In the face of global challenges like rising energy costs and the need for decarbonisation, Switzerland is exploring decentralised renewable energy to enhance resilience. This involves key players like citizens, voters, and energy consumers. Individual energy choices are shaped by unique local circumstances, influenced by factors such as region-specific potentials for renewable energies and distinct social dynamics.
Through an extensive survey of Swiss residents, the researchers tried to determine the diversity of regional preferences in terms of renewable energy policies, according to factors such as the urban character and location. Understanding these nuances is crucial for realistic predictions, aiding project developers in strategically placing diverse renewable energy technologies.
Dr. Gracia Brückmann, who worked on this data shares the main findings with us. Interview.
What were the most surprising findings in your research, and can you elaborate on the reasons behind these unexpected outcomes?
Gracia Brückmann (G.B.): One very interesting finding is that we find no substantial regional differences in the acceptance of renewable energy and renewable energy policy.
This is surprising for at least two reasons. First, the three regions we defined in the EDGE projects – i.e., Midlands, Alps, and urban areas – differ significantly from a techno-economic but also socio-political perspective. Hence, firstly, we reasonably expected that these regional disparities in, e.g., wind power potentials, could go hand in hand with differences in renewable energy acceptance.

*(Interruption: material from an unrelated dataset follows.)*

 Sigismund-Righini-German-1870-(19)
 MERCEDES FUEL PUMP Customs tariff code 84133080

Second, from a political science perspective, the expectations of regional acceptance patterns also followed the previously known regional differences in many (if not almost all) dimensions of public opinion and preferences.

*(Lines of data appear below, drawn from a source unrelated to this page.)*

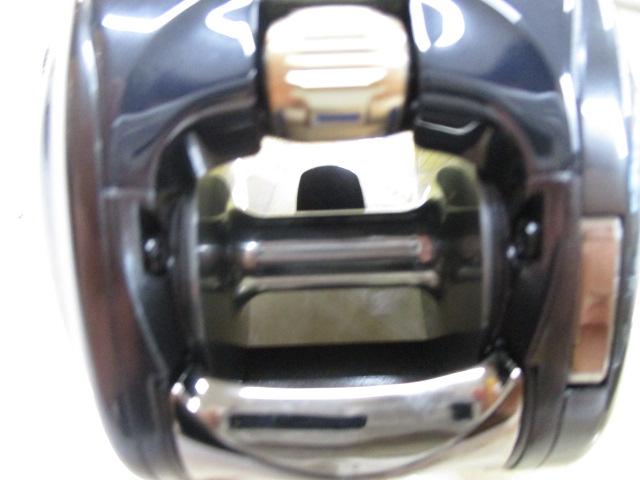 21シーボーグ 300J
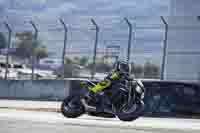Laguna-Seca;event-digital-images;motorbikes;no-limits;peter-wileman-photography;trackday;trackday-digital-images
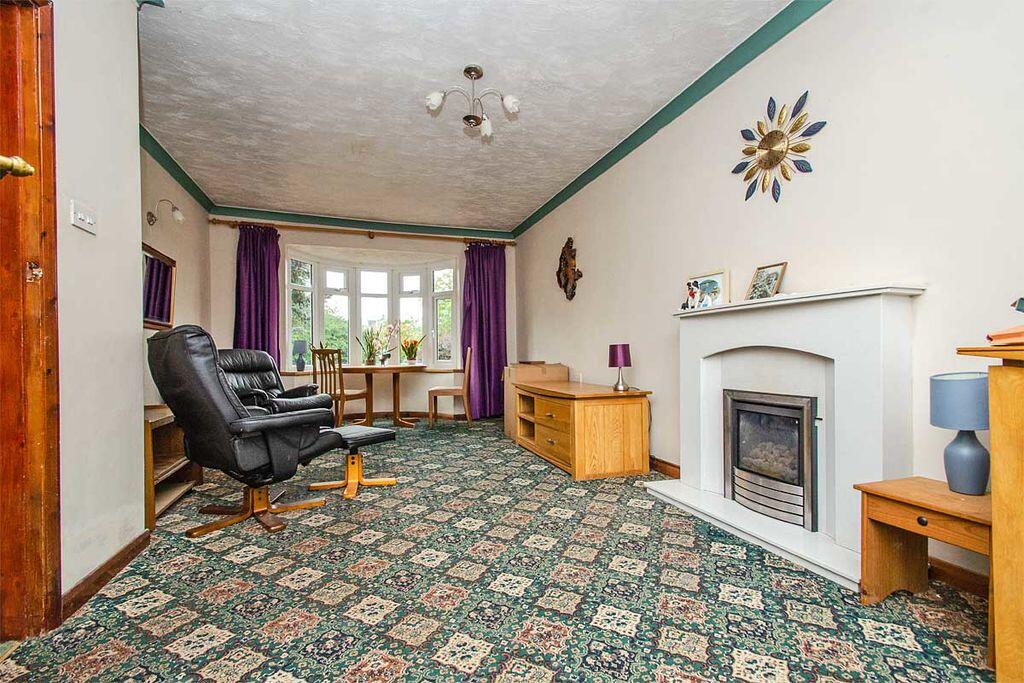 House in Walsall - More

However, there are also explanations for the absence of regional acceptance patterns that we observe. One is that the political discourse about the energy transition is very much a national one. This is not least related to the fact that – as renewable energy is a national policy domain following article 89 (2) of the Swiss constitution – we had several national ballot votes on energy issues, accompanied by rather intense and emotional political campaigns.
Another reason for the non-regionalised preferences is Switzerland’s small size. When we talk about Alpine PV, for example, we cannot say that only those living in the Alps are “affected” if renewable energy infrastructure is constructed in this area but also individuals living in urban areas or the Midlands care about the Alps because they live relatively close the mountains and spend their holidays there. Hence, with respect to the well-known NIMBY (not in my backyard) phenomenon, we could argue that for Swiss people, “the backyard” in energy-infrastructure-related questions often relates to the country as a whole.
Can we draw any conclusions from your research survey results?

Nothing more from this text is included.